FIGURE 1 Schema and outcome of GOG172. GOG = Gynecologic Oncology Group; SWOG = Southwest Oncology Group. Information from Reference 11.
FIGURE 2 GOG172 debated areas. (Figure is a adapted from Nicoletta Colombo presentation at the 10th International Conference on Platinum Coordination Compounds in Cancer Chemotherapy, Verona, Italy, 2007.) GOG = Gynecologic Oncology Group.

A major problem in the adoption of IP therapy as the new standard for optimally debulked ovarian cancer might be put forth in a format analogous to the title of Gore’s 2003 editorial in JCO: “IP Cisplatin Is More Effective than IV Cisplatin: But How Do I Prescribe It?”[7] Figure 1 shows the schema of GOG172 and Figure 2 graphically lays out many of the disputed areas in GOG172, including: Is IP paclitaxel necessary to achieve the results?
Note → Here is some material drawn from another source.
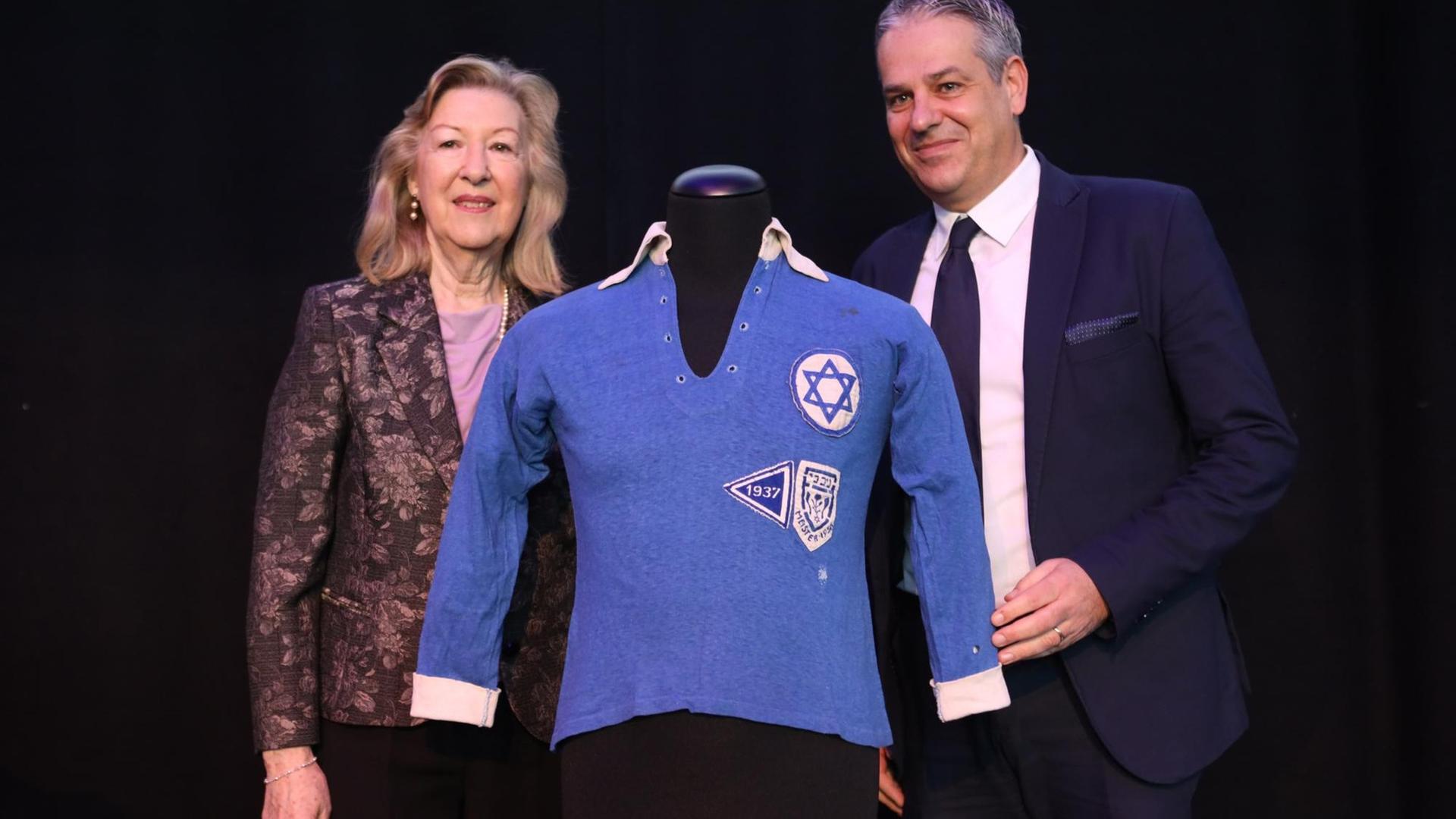 Susana Baron, Tochter von Max Girgulski, und Manuel Neukirchner, Direktor des Deutschen Fußballmuseums, bei der Trikotübergabe. Susana Baron, Tochter von Max Girgulski, und Manuel Neukirchner, Direktor des Deutschen Fußballmuseums, bei der Trikotübergabe.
Is the dose of IP cisplatin of 100 mg/m2 acceptable to many patients? How does one deal with the 24-hour infusions of paclitaxel? If one had used a carboplatin control, would the survival differences have been significant? Can one advocate a treatment with a 42% completion rate? And, is the tradeoff of adverse quality of life for a few months and risk of treatment complications from IP therapy for a less than 20% reduction in risk of dying reasonable? GOG investigators struggled with these issues, and after a series of pilot studies embarked in late 2009 on another IP versus IV phase III study (GOG252) containing also an IP toxicity–reduction arm, based on IP carboplatin and phase II data from Japan.[14]

With this as a background, we expand on this debate and provide some additional perspective: the effect of platinum drugs on the outcome of ovarian cancer is even more relevant today than it was in the past, given the apparent shortcomings of many new drugs that have been tested. The route of platinum administration, as well as patient selection and the role of other drugs, should be central to ongoing research in this area.